Sculpture festival returns to Wollombi Valley

Kiss I, Kiss II and Kiss III, by Isabel Langtry.
Sentinel, by Stephen Paul Coburn.
Inland Sea, by Paul Selwood.
Leda and the Seagull, by Ingrid Morley.
Equus Mortuus Est, by Roger McFarlane.
Needlestack, by Will Maguire.

British sculptor and Hampstead School of Art principal Isabel Langtry is the "distinguished guest sculptor" at this year's Wollombi Valley Sculpture Festival.

Her visit will, festival director Susan Leith-Miller says, provide an insight into international perspectives on outdoor sculpture and the role of public art.

The festival, now in its 21st year, kicks off next Saturday, September 14, and features 180 works. They can be viewed in six indoor galleries, at three vineyards and throughout the historic hamlets of Wollombi and Laguna, meaning visitors can contemplate individual works at length without feeling crowded or pressured to move on.

Wollombi Valley Sculpture Festival is the longest running regional sculpture festival in NSW and continues to attract an ever-increasing range of respected sculptors. There are now guided tours and a schools program on offer, too.

Distinguished finalists this year include Armidale-based Ingrid Morley, who has been a finalist in exhibitions such as Sculpture by the Sea and who most recently won the 2024 Sculpture for Clyde in Batemans Bay.

The festival will also include works by artists local to the area, including Paul Selwood, Roger Macfarlane, Stephen Paul Coburn and Will Maguire, and relies on the efforts of more than 100 local volunteers.

If you're going to be in town on September 21, head along to the Stonehurst Long Lunch at the stunning Stonehurst Cedar Creek Winery.
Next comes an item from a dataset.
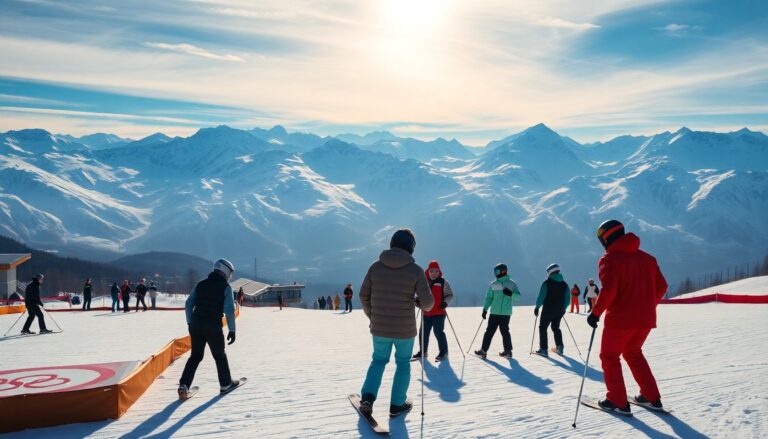 tutto sulle olimpiadi milano cortina 2026 eventi location e informazioni utili 1762060169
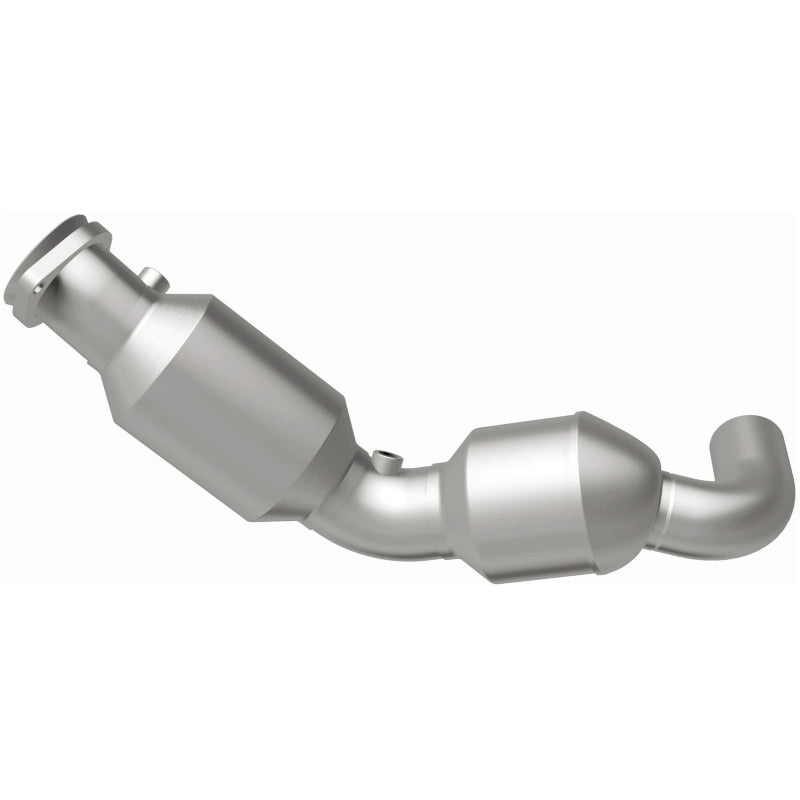 Magnaflow 280267 21-23 fits Ford F-150 3.5L Left Underbody Direct Fit Converter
It's a five-course, long table lunch set among sculptures and pear trees at Stonehurst Cedar Creek, with plenty of Stonehurst wines to enjoy as well as live music. Book by emailing wines@stonehurst.com.au.

Susan Leith-Miller has been the festival's director since 2019.

"When I retired to Wollombi and was offered the role, I thought 'We could do something exciting with this'. I've always loved sculpture and marketing is my strength," she says.

"We changed the name from Sculpture in the Vineyards; it wasn't working for our community, and there was no location. By changing that name, and broadening it to include the whole of the Wollombi Valley, there was a real shift in momentum."

I ask her what she's most looking forward to at this year's festival, and she talks excitedly about the pews having been removed from St John's Anglican Church at Wollombi this year to make way for sculptures.

"I'm proud of our prizes, too, because they're not really about money; they're prizes that people really want but can't get ... more like money-can't-buy experiences," she says.

"I mean, a prize where you go to London to feature your work at the Hampstead School of Art, or a workshop with Harrie Fasher, or the Kangaroo Valley Invited Artist Award, or the Governor's Prize where your art is exhibited at Government House - you can't put a money value on any of these."

The 21st Wollombi Valley Sculpture Festival runs from September 14 to 29.

Local talent in Mudgee

Nine sculptors from Newcastle and the Hunter region are exhibiting at the 2024 Sculptures in the Garden at Mudgee in October.

They are Samuel Troyer (Newcastle), Roger McFarlane (Newcastle), Grahame Wilson (Teralba), Bridget Whitehead (Cardiff Heights), Peter Tilley (Carrington), Lee Sherlock (Maitland), Michael Rumble (Nelson Bay), Tobias Hynes (Murrurundi) and Paul Bacon (Wootton).

It's the exhibition's biggest year yet, with more than 250 artworks from 130 artists. A third of the entries are coming from new artists making their Sculptures in the Garden debut.

The festival runs from October 12 to 27 in the gardens of Rosby Wines.